Sometimes the "hard things" aren't really that hard.
Such as giving the kids some Christmas presents early and with a good attitude because they happened to stumble upon them underneath my bed.
 They were very happy and I learned a valuable lesson.
Underneath your bed is off territory for presents a month before Christmas.

Sometimes we do things that aren't very enjoyable because we are part of a family.
Soungsik asked me today if he was the only one who hated putting up Christmas lights.
I told him everyone hates putting them up, but we all love them once they are there.
This "hard thing" was to make other people - small people - happy.
So maybe it's worth it.

My hard things today were hard simply because they are so mundane and never ending.
You mothers all know what I am talking about.
The dreaded laundry, cleaning, dishes, helping children practice, feeding people, making sure people wash hands after using the bathroom and brush their teeth, etc. etc. etc. and so on and so forth forever.
But I do it.
Why?  Because I am part of a family.
I am learning more everyday that the mom is the super glue of the family.
When I get weak and fall apart so does everything else around me.

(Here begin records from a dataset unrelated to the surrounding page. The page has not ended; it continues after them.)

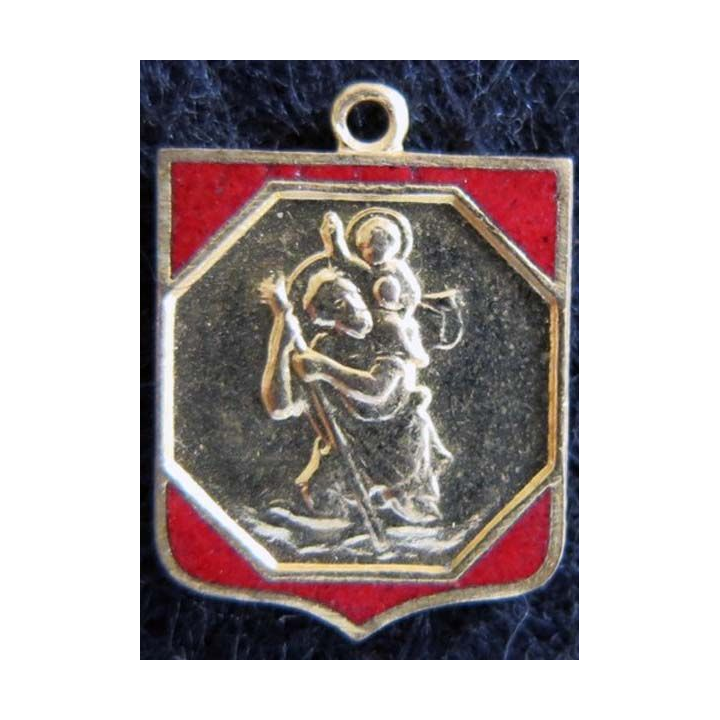 Blason en émail rouge de Saint Christophe 14 x 19 mm doré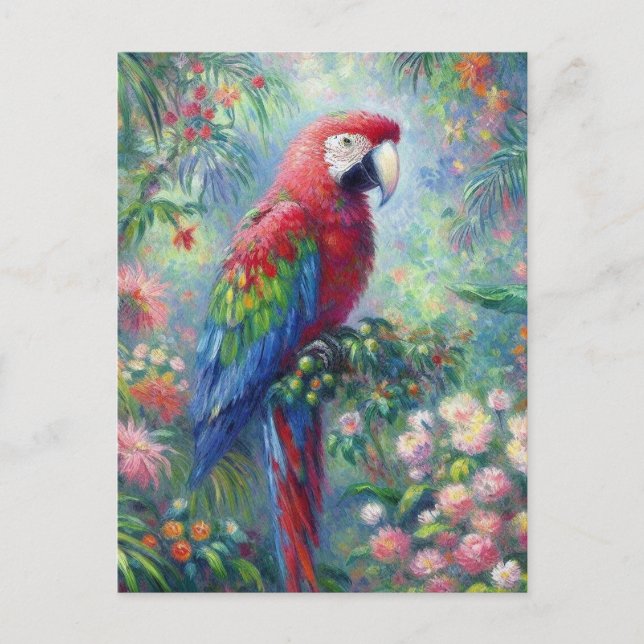 Parrot Bird Jungle Blommigt Impressionism Painting Vykort (Framsida)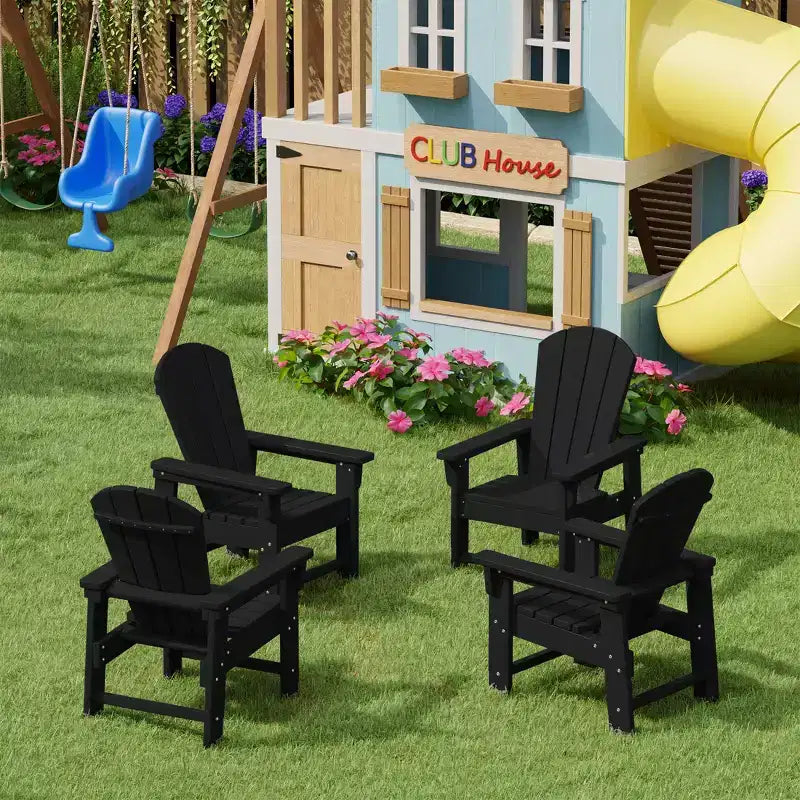 WestinTrends Malibu Sedia da Giardino per Bambini in Plastica per Esterni, Stile Adirondack (Confezione da 4)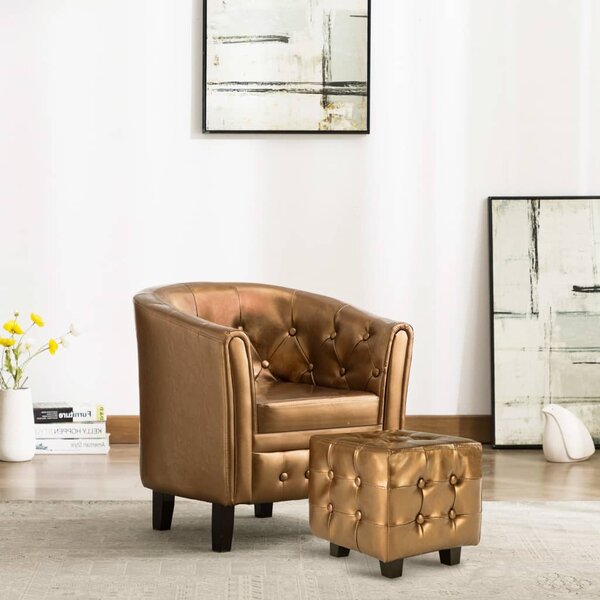 VidaXL Fotelja od umjetne kože s osloncem za noge smeđa
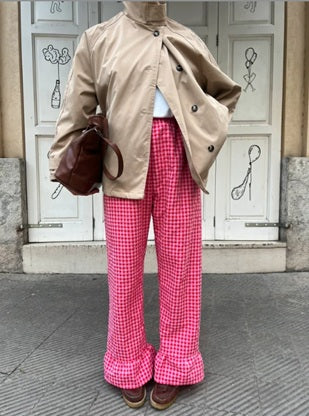 Pantalón Cuadros con volantes Rosa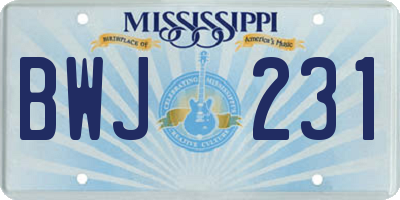MS license plate BWJ231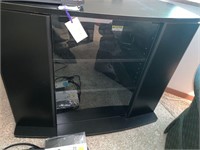 BLACK TV STAND WITH GLASS DOORS FOR STORAGE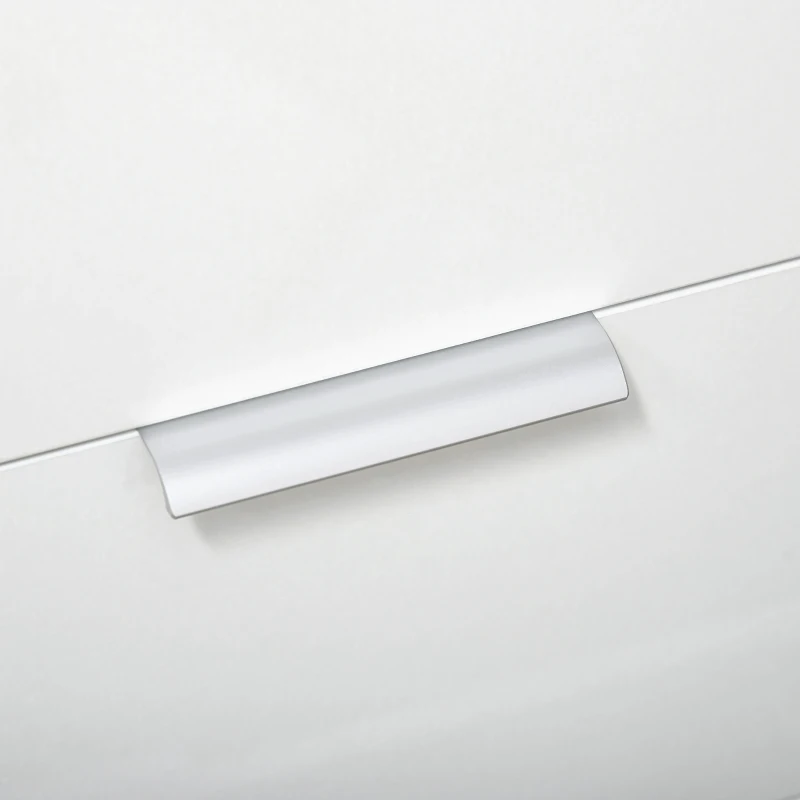 HOMCOM Dulap de Depozitare cu Sertar, Ușă Dublă și Rafturi Reglabile, Bufet Lucios pentru Sufragerie, Dormitor, 70x35x92 cm, Alb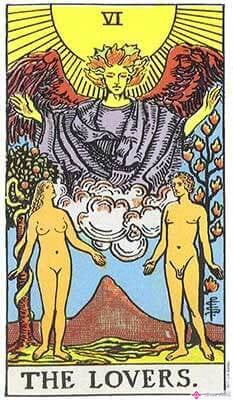 Significado de los amantes: representación original del tarot Rider Waite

So we will continue to do the hard things.
Why?  
Because we can.
Because it's worth it.
Because when we do hard things they become easy.
Because when we do hard things we get blessings.
Because when we do hard things we become stronger.
Because when we do hard things our love for others grow.
Because most of our hard things aren't actually that hard.
Because we have been given this life as a gift,
we will not waste it.

I can do hard things...and so can you.